The rebellious spirit is transferred to the human soul. Michael has remained true to his own nature. When man directs the higher part of his being to Michael, that part which is rooted in the higher spirituality, the inner 'fight of Michael with the Dragon begins in the soul. This thought was still familiar to many in the eighteenth century. Outside Nature was to them the 'Mirror of higher Spirituality.' What was 'Nature' in man was the stronghold of the serpent and the task of the soul was to fight the serpent through devotion to Michael's power.

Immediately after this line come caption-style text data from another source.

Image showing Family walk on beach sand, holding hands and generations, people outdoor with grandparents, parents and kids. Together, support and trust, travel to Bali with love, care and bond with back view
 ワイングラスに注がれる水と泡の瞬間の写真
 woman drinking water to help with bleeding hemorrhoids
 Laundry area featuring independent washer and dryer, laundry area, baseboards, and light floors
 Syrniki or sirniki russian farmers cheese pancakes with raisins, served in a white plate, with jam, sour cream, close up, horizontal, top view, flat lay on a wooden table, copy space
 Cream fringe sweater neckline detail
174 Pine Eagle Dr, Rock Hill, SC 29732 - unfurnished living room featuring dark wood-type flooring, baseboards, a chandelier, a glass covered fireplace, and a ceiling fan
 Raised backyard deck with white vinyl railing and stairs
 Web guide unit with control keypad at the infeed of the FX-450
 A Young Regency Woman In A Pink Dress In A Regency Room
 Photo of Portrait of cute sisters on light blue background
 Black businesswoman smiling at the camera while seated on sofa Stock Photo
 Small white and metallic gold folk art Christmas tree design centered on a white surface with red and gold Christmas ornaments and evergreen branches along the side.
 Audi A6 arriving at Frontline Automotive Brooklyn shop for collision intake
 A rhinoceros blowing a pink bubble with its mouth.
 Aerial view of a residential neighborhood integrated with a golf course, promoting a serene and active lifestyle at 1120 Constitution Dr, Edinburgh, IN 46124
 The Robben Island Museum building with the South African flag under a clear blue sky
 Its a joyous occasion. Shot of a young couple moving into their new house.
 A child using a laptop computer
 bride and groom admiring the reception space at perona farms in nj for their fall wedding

How must Nature appear to a soul in which such images live? The approach of Autumn must call forth the remembrance of the 'Fight with the Dragon.' The leaves fall from the trees, the budding, blossoming life dies away. Pleasant is the welcome of Nature in Spring; kindly the gifts showered on man as she tends him in the warm rays of the Summer sun. When Autumn sets in she has nothing more for him. The forces of decay penetrate to him through his senses. It is out of himself that he must obtain what Nature had before bestowed upon him. Her power in him grows feeble. He must create for himself spiritual forces to be his help where Nature is powerless to do this. With Nature the Dragon loses his power. The image of Michael, the conqueror of the Dragon, rises before the soul. That image had been dulled while Nature — and with nature the Dragon — were powerful. It now rose from out of the frosty fogs, streaming from the earth.

But the image is a reality for the soul. It is as though a veil which the Summer warmth had drawn, hiding the spiritual world, had now been raised.

Man lives the year's life in its course. Spring is an early benefactor but it entices the human being into that kingdom in which the 'enemy' opposes to the beauty of Nature his invisible power as ugliness. In the beginning of Autumn appears the spirit of the 'strong beauty' when Nature hides 'her beauty' and in doing so drives the enemy into retirement.